What a difference eight years makes in the world of rock ‘n’ roll.
When Bob Dylan first toured with The Band in 1966, they were met with critical scorn and consumer agitation as the Minnesota singer-songwriter took his shocking concept of going electric at the Newport Folk Festival the year before to an entirely new level. Across three continents, the group was met with heckles and walk-outs from fans as their plugged-in swagger was deemed heretical by loyalists to Bob’s original folkways.
The next eight years saw Dylan recede from the spotlight of touring life, opting to give up the road in favor of raising his family and recording such exploratory studio classics as John Wesley Harding, Nashville Skyline, Self Portrait, New Morning and the soundtrack to Sam Peckinpah’s Pat Garrett And Billy The Kid. But then, in 1973, David Geffen lured Bob away from his longtime home at Columbia Records to his Asylum imprint and, with the help of legendary concert promoter Bill Graham, convinced the Bard to reunite with his boys in The Band for a new album and North American tour.
The resulting title, 1974’s Planet Waves, was a deep look into Dylan’s personal life and something of a sentimental journey honoring his marriage to Sara Lownds, a union that would begin to disintegrate a year later and chronicled on his 1975 masterpiece Blood On The Tracks. The LP was a modest success, shipping gold and reaching No. 1 on the Billboard album chart. But what really blew up was the tour with his reunited Band mates in support of Planet Waves, where the six men experienced the polar opposite of the reception they received back in ’66. In fact, it’s even been said this ’74 tour set the template for arena rock concerts for decades to come, as Dylan and The Band played 30 dates in 42 days, sometimes doubling up on sets in a single day.
“When we played Madison Square Garden, with the crowd standing and cheering us on, I was very conscious of how on our last tour with Bob, in 1966, the audience had booed us most nights,” guitarist Robbie Robertson detailed in his 2022 memoir Testimony. “All around Europe, Australia, and North America, they’d condemned the music we were making together. Now here we were, playing Bob’s songs hard and direct, the same as before, and the world was accepting it with open arms. We hadn’t given up. We didn’t come around. The world had come around. All we had were those tape recordings from the 1966 tour to go on—we knew that music was real when there were many nonbelievers. We fought a good battle in ’66, but we won the war in ’74.”

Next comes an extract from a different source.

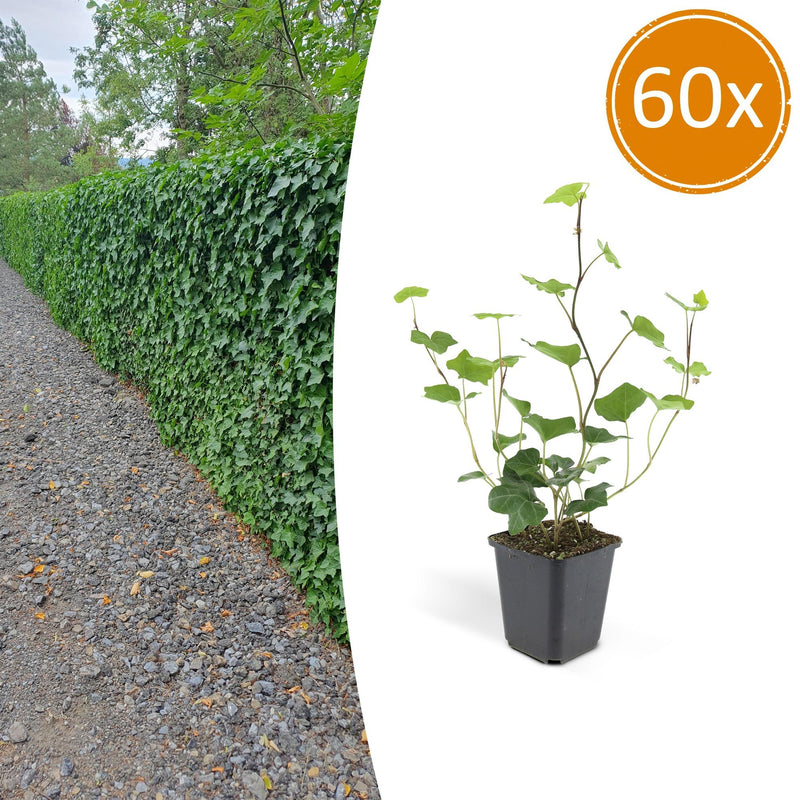 60x Irish Ivy (Hedera Hibernica) - 10-25cm - Ø9cm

The tour is now being celebrated by Dylan’s longtime label Columbia Records and their award-winning Legacy Recordings division with The 1974 Live Recordings, a massive box set that collects all the professionally taped shows from the tour, including the source material for what would become the 1974 live album Before The Flood. There are 417 previously unreleased live tracks spread across 27 compact discs, including 133 cuts that have been newly mixed from 16-track tape as well as every soundboard recording captured for posterity.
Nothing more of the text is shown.